New spinout from University of Birmingham and Imperial College London aims to speed up battery development
The University of Birmingham and Imperial College London have set up a new spinout, About:Energy, to commercialise a battery modelling capability that will increase the speed of battery prototype development.
Accurate battery models are an important enabler for growth across the sector, including in cell design and the development of battery management systems and associated product warranties.
The battery modelling capability was developed by the Faraday Institution’s Multi-scale Modelling Project, which has developed - and is continuing to refine – fast, reliable, accurate and versatile design tools – digital twins. These predictive computer simulations can reduce costs and delays that arise when creating numerous physical prototypes to test novel combinations of materials and cell design.
Minister for Investment Lord Grimstone said: “As the demand for new and improved batteries continues to soar, academic institutions are driving the innovation that will get new tech from lab to market more quickly. The government is proud to support the work of the Faraday Institution, which is enabling universities to commercialise their knowledge and keep the UK at the cutting edge of new battery technology.
About:Energy will be a consultancy business, based on a bespoke, patented measurement method, and the extensive knowhow of its founders, who include Professor Emma Kendrick and PhD student Kieran O’Regan from Birmingham’s School of Metallurgy and Materials, and Professor Greg Offer, Dr Yatish Patel, and Gavin White from Imperial College London and Dr Alastair Hales (formerly Imperial College London, now at University of Bristol). About:Energy will also benefit from the experience of Neil Morris who is a former CEO of the Faraday Institution.
Both Imperial College London and the University of Birmingham have expertise in an activity known as parameterisation, which involves extracting the experimental data that is used to construct battery models.
Kieran O’Regan commented: “Battery models are used to power our everyday lives, from mobile phones to gigafactories, by enabling predictions about performance to be made. These predictions are used to optimise the application and design of battery technologies. However, the reliability of the predictions is dependent on the accuracy of the input parameters, which is a complex issue because battery performance has many interdependencies.”

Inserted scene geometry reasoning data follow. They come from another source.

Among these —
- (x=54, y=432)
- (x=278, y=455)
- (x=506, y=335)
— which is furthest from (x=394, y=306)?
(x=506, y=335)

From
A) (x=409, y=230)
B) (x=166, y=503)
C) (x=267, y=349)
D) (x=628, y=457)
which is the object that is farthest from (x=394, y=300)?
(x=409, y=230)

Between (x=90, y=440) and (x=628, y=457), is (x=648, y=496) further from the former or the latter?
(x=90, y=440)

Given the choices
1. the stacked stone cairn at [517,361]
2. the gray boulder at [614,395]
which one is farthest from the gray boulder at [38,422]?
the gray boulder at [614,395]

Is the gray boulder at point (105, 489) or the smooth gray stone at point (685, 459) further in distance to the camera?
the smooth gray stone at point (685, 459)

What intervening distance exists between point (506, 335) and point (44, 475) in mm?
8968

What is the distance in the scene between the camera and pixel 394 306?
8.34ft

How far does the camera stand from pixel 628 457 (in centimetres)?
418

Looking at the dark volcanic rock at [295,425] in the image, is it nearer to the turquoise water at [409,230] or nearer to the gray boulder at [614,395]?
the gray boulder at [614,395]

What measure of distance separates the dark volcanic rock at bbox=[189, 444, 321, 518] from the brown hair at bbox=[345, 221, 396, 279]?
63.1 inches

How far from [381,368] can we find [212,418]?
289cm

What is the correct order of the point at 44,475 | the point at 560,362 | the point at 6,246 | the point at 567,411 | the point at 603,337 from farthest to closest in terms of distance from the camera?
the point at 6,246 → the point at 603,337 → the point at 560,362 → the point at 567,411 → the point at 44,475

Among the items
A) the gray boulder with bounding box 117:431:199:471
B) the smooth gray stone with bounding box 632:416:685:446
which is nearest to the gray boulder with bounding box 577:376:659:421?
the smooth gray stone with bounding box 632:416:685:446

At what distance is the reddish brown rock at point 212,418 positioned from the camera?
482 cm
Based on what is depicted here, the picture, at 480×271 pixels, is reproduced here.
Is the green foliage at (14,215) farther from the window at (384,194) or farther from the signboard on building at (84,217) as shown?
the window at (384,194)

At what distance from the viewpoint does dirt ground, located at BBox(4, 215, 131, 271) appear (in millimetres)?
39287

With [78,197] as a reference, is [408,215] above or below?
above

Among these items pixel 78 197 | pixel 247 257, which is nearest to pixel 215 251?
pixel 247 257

Gavin White commented: “About:Energy brings together expertise in battery characterisation and an understanding of how to package this information into a model. This allows us to quickly provide accurate models tailored to specific battery technologies, enabling our customers to build innovative products and shorten their prototyping and development cycles.”
About:Energy has been awarded a Faraday Institution Entrepreneurial Fellowship to fund the purchase of dedicated testing equipment that will reduce bottlenecks and provide a more responsive parameterisation service.

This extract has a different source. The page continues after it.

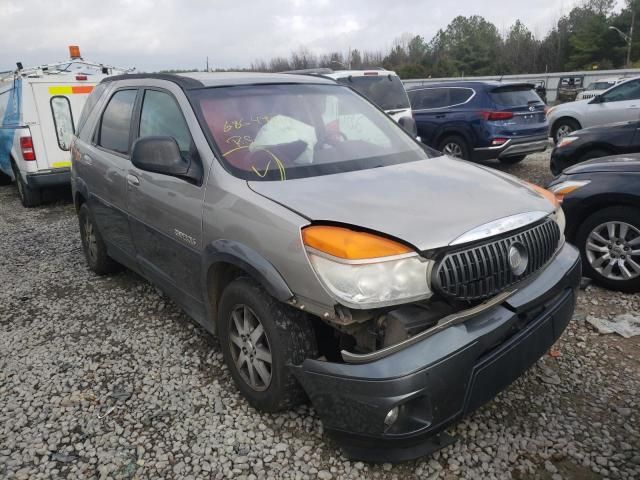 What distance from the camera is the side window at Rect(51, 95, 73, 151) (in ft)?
26.2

Consultancy provided by researchers involved in About:Energy (and delivered through the consultancy businesses of the universities) has already helped two battery technology spinouts: Qdot, which is developing battery thermal management and integrated hybrid propulsion to enable clean flight and Breathe Battery Technologies, which is developing advanced battery management algorithms to improve charge times, range and lifetime. Both Qdot and Breathe Battery Technologies have previously been awarded Faraday Institution Entrepreneurial Fellowships.
The founders of About:Energy have already secured their first order from a large UK-based OEM and are in discussions with many leading automotive and technology companies. Further industry organisations are encouraged to contact About:Energy to discuss future collaborations by contacting Gavin White email@example.com and Kieran O’Regan firstname.lastname@example.org.

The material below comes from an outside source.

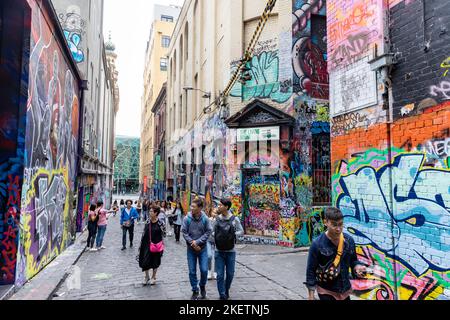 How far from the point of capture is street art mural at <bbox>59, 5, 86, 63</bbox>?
1477 centimetres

About the University of Birmingham
The University of Birmingham is ranked amongst the world’s top 100 institutions. Its work brings people from across the world to Birmingham, including researchers, teachers and more than 6,500 international students from over 150 countries.
University of Birmingham Enterprise helps researchers turn their ideas into new services, products and enterprises that meet real-world needs. We also support innovators and entrepreneurs with mentoring, advice, and training and manage the University’s Academic Consultancy Service. Our portfolio of technologies available for licensing can be viewed at https://birmingham.portals.in-part.com/.
About the Faraday Institution
The Faraday Institution is the UK’s independent institute for electrochemical energy storage research, skills development, market analysis, and early-stage commercialisation. Bringing together expertise from universities and industry, the Faraday Institution endeavours to make the UK the go-to place for the research and development of new electrical storage technologies for both the automotive and wider relevant sectors.
The Faraday Institution is funded by the Engineering and Physical Sciences Research Council (EPSRC) as part of UK Research and Innovation. Headquartered at the Harwell Science and Innovation Campus, the Faraday Institution is a registered charity with an independent board of trustees.
The Faraday Battery Challenge aim is to develop and manufacture batteries for the electrification of vehicles to help UK businesses seize the opportunities presented by the move to a low carbon economy. The challenge is split into three elements: research, innovation, and scale-up.